Problem:
Could you set down every entry exactly as it stands, without the images?

Pictures with short captions:
▼▼▼

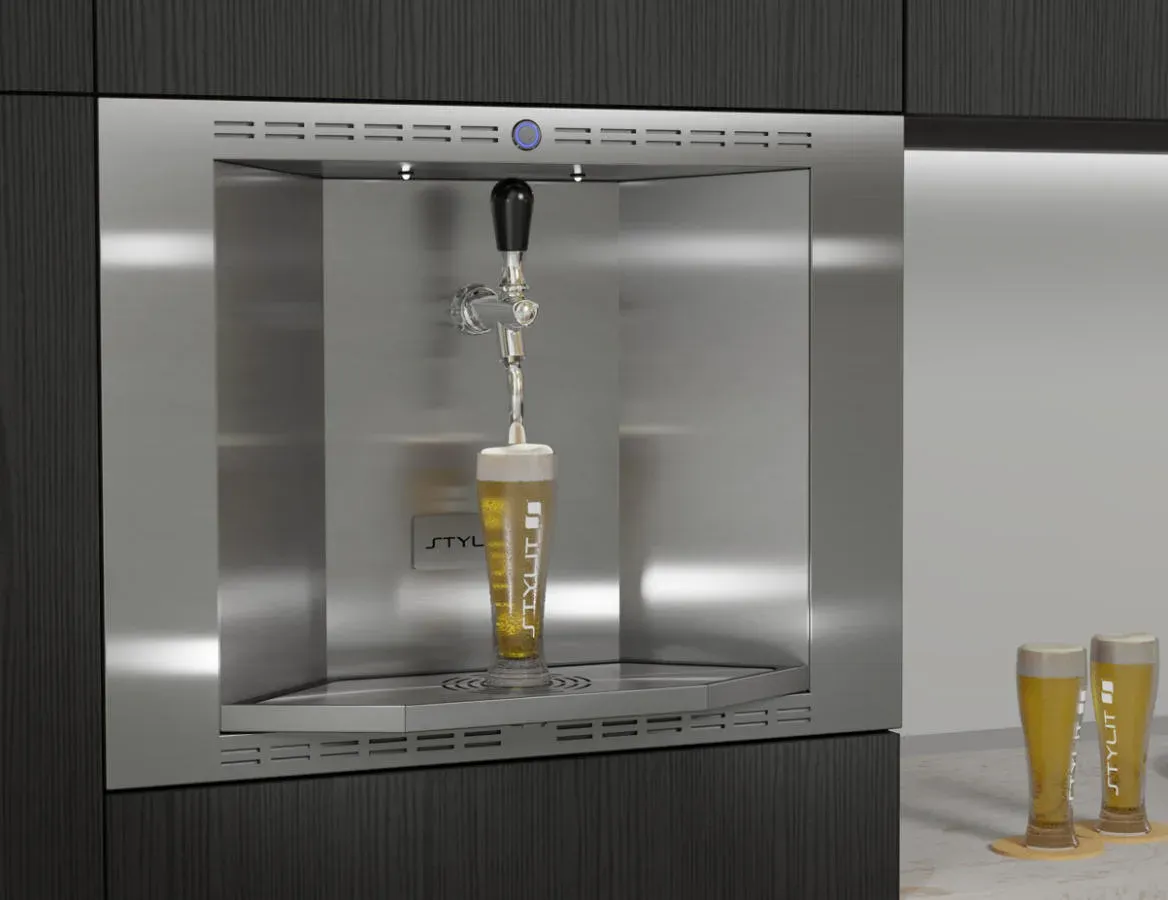 Render di uno spillatore di birra da incasso in una cucina scura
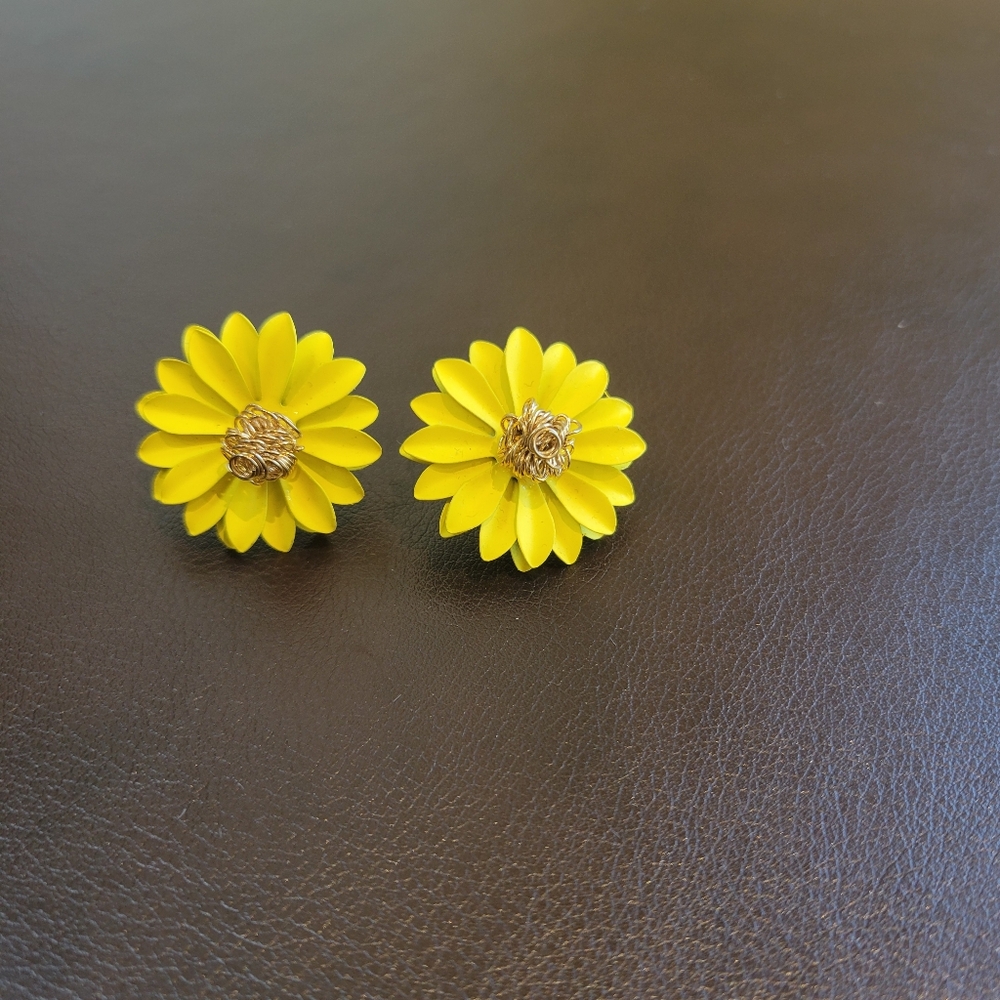 Yellow Flower Earrings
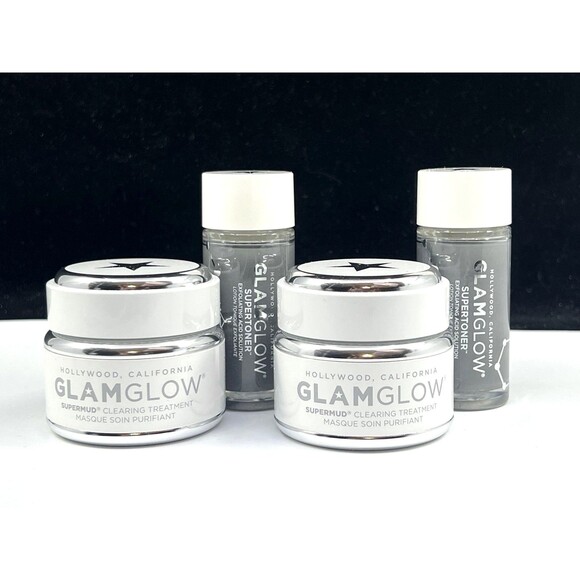 2X Glamglow 1.7oz Supermud & 1oz Supertoner FREE get 60% off + free Toner FRESH! - Picture 1 of 9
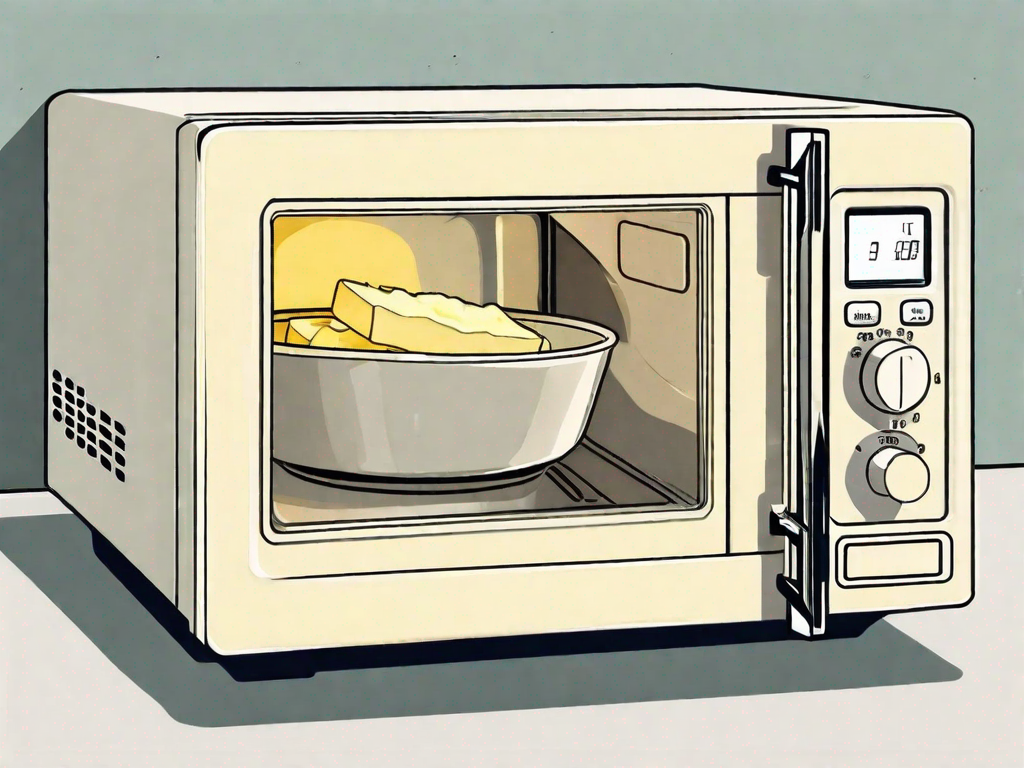 A stick of butter inside a microwave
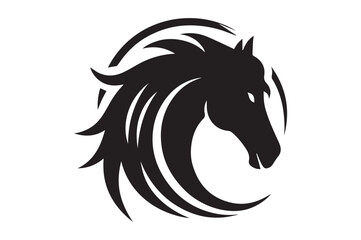 horse silhouette vector illustration, animal illustrations artwork and design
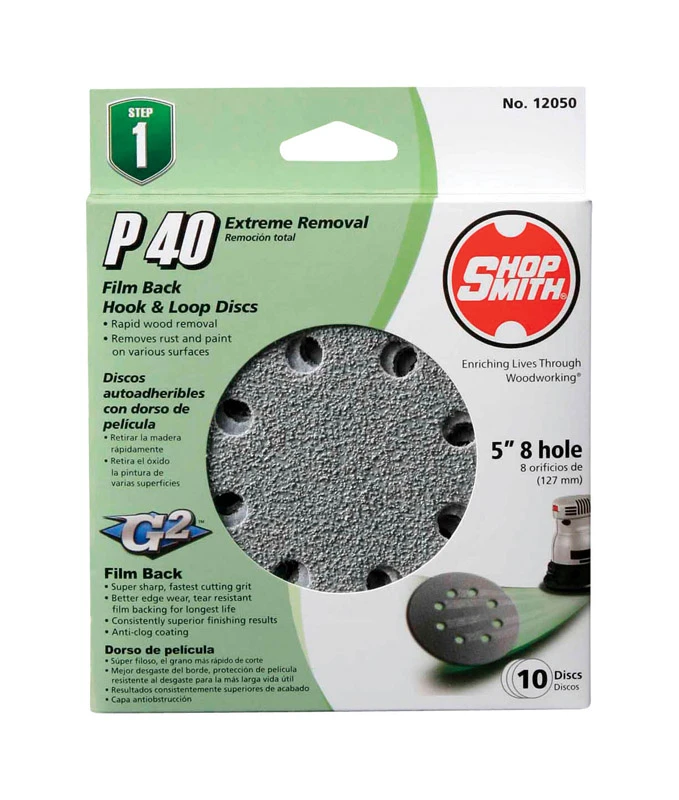 Gator Blade 5 In. 40-Grit 8-Hole Pattern Vented Sanding Disc with Hook & Loop Backing (10-Pack)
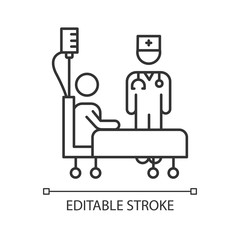 Health care industry linear icon. Clinic, hospital. Medical help. Doctor and patient. Professional caregiver. Thin line illustration. Contour symbol. Vector isolated outline drawing. Editable stroke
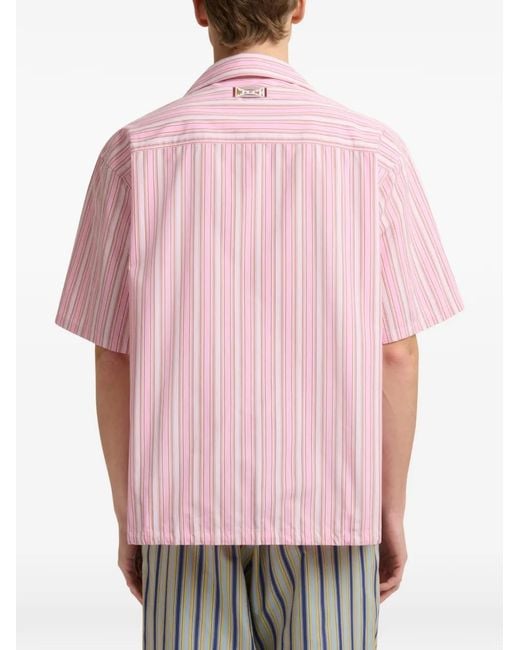 Marni Pink Striped Poplin Shirt With Drawstring Hem for men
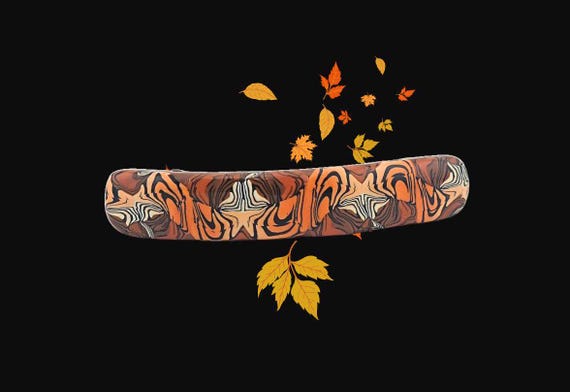 Fall colors barrette, super grip, Vintage Made in France clip
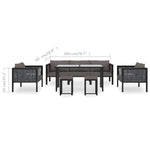 8 részes antracitszürke kerti polyrattan ülőgarnitúra párnákkal 12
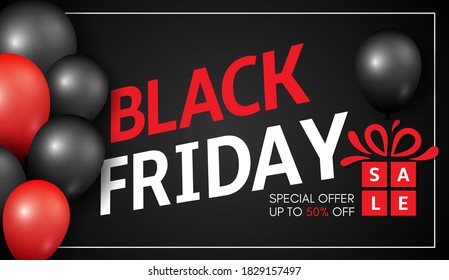 Black Friday Sale Banner design template with black and red Balloons, present box, Vector illustration.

▲▲▲

Result:
 Render di uno spillatore di birra da incasso in una cucina scura
 Yellow Flower Earrings
 2X Glamglow 1.7oz Supermud & 1oz Supertoner FREE get 60% off + free Toner FRESH! - Picture 1 of 9
 A stick of butter inside a microwave
 horse silhouette vector illustration, animal illustrations artwork and design
 Gator Blade 5 In. 40-Grit 8-Hole Pattern Vented Sanding Disc with Hook & Loop Backing (10-Pack)
 Health care industry linear icon. Clinic, hospital. Medical help. Doctor and patient. Professional caregiver. Thin line illustration. Contour symbol. Vector isolated outline drawing. Editable stroke
 Marni Pink Striped Poplin Shirt With Drawstring Hem for men
 Fall colors barrette, super grip, Vintage Made in France clip
 8 részes antracitszürke kerti polyrattan ülőgarnitúra párnákkal 12
 Black Friday Sale Banner design template with black and red Balloons, present box, Vector illustration.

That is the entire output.